On devrait se réjouir que des documentaires continuent de sortir en salle, particulièrement lorsqu’ils parlent de sujet aussi pointu que le Philharmonique de Berlin. Mais devant le traitement très télévisuel dont il bénéficie ici, difficile de ne pas se demander l’intérêt d’une telle distribution là où un passage télé aurait amplement suffit. Surtout qu’un écran de cinéma a la fâcheuse tendance de faire ressortir tous les défauts.
L’année dernière, l’Orchestre Philharmonique de Berlin, mené par Sir Simon Rattle, a effectué une tourné dans les plus importantes villes d’Asie : Pékin, Séoul, Hong Kong, Shanghai, Taipei et Tokyo. Ils n’étaient pas seuls car une équipe de tournage, menée par Thomas Grube, chargée de faire un film sur eux, les accompagnait. Elle en a ramené quelques images : des répétitions dans les différents opéras, les représentations, des interviews d’une poignée de membres de l’orchestre, de leur chef, ainsi que quelques plans sur la vie urbaine des cités asiatiques. Le tout a ensuite été monté selon un dispositif bien précis : chaque ville s’assimile à un thème (l’intégration des nouveaux membres dans l’orchestre, l’effacement des divers individualités, les méthodes de travail etc…). Et une fois tout cela bien mis en place, le prestigieux Philharmonique de Berlin, l’un des meilleurs orchestres du monde, si ce n’est le meilleur, nous ouvre ses portes et livre les secrets de son fonctionnement.

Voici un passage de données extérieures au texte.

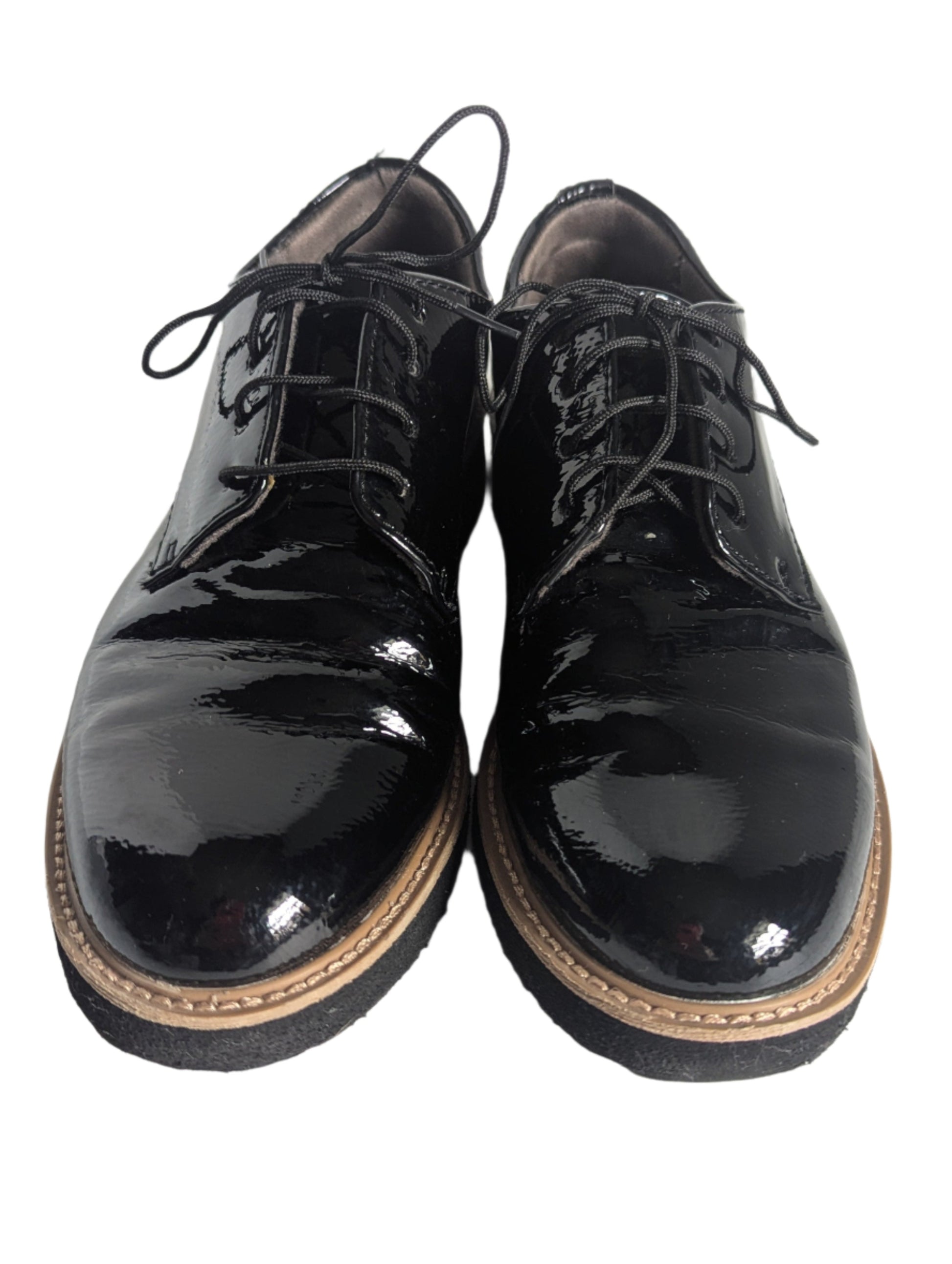 Top-down view of a pair of shiny black EuroSoft patent oxford flats, highlighting the clean round toe design and like-new condition.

Le sujet est passionnant. Le film l’est moins. Essentiellement parce qu’une tradition du documentaire semble définitivement se perdre chez les jeunes réalisateurs comme Grube : sa part cinématographique. Le dispositif mis en place, bien qu’astucieux, dissimule mal le manque d’intérêt du réalisateur pour son film. Il le rend répétitif et lourd de sens. Les interviews dictent le propos tandis que les images comblent le vide. Il manque une petite dialectique entre le fond et la forme pour faire vibrer le tout. Ces inserts omniprésents sur la civilisation chinoise, coréenne ou japonaise, placés là comme pour illustrer ce vieux cliché idiot qui veut que dans les contrées exotiques, nous, Occidentaux ternes, nous nous révélerons à nous-mêmes, trahissent bien l’absence d’ambition artistique. La seule chose qu’on y voit en vérité, c’est le regard médusé d’une bande de vidéastes fascinés par ce qui leur paraît étrange, ce qui ne leur ressemble pas. C’est la rançon de l’exotisme facile, le racisme latent dû à la pulsion de montrer, plutôt que le désir de comprendre, ce qui est le propre de la télévision, sa vocation pornographique.

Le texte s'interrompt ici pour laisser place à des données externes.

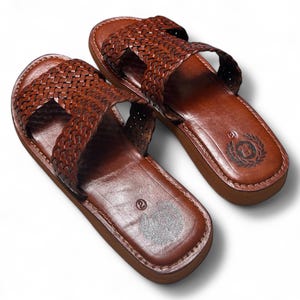 May include: A pair of brown leather sandals with a woven strap design. The sandals have a dark brown sole and a stitched border. The footbed has a logo and the number 2 is visible.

Car c’est surtout d’une esthétique télévisuelle que Trip to Asia tient. Jamais, par exemple, la musique classique, pourtant thème central du film, ne vient prendre une part conséquente dans la réalisation. Le choix aberrant d’embaucher un compositeur pour créer une musique d’ambiance à partir de sons enregistrés pendant la tournée montre bien que quel que soit l’objet dont il est question dans le film, il aura droit au même traitement qu’un autre. Le seul véritable but ici est de répondre à son devoir d’information (on y apprend tout de même des choses), linéaire, ordonné et propre. Tout le reste, ce visuel qui témoigne de la présence de l’orchestre en terres d’Asie, n’est que divagation, fioriture, ornement. C’est un travail de remplissage, pas de construction cinématographique. On ferait peu de différence entre un reportage d’une cinquantaine de minutes pour une théma Arte et ce film, si ce n’est que l’un serait plus honnête sur sa véritable nature tandis que l’autre se drape d’artifices métaphysiques pour avoir les honneurs d’une sortie en salles. Mais si nous avons été très (trop ?) indulgents avec la télévision, nous n’avons pas le droit de l’être avec le cinéma, dernier rempart bien délabré contre la médiocrité télévisuelle. Sur un grand écran, certaines fausses notes ne passent tout simplement pas.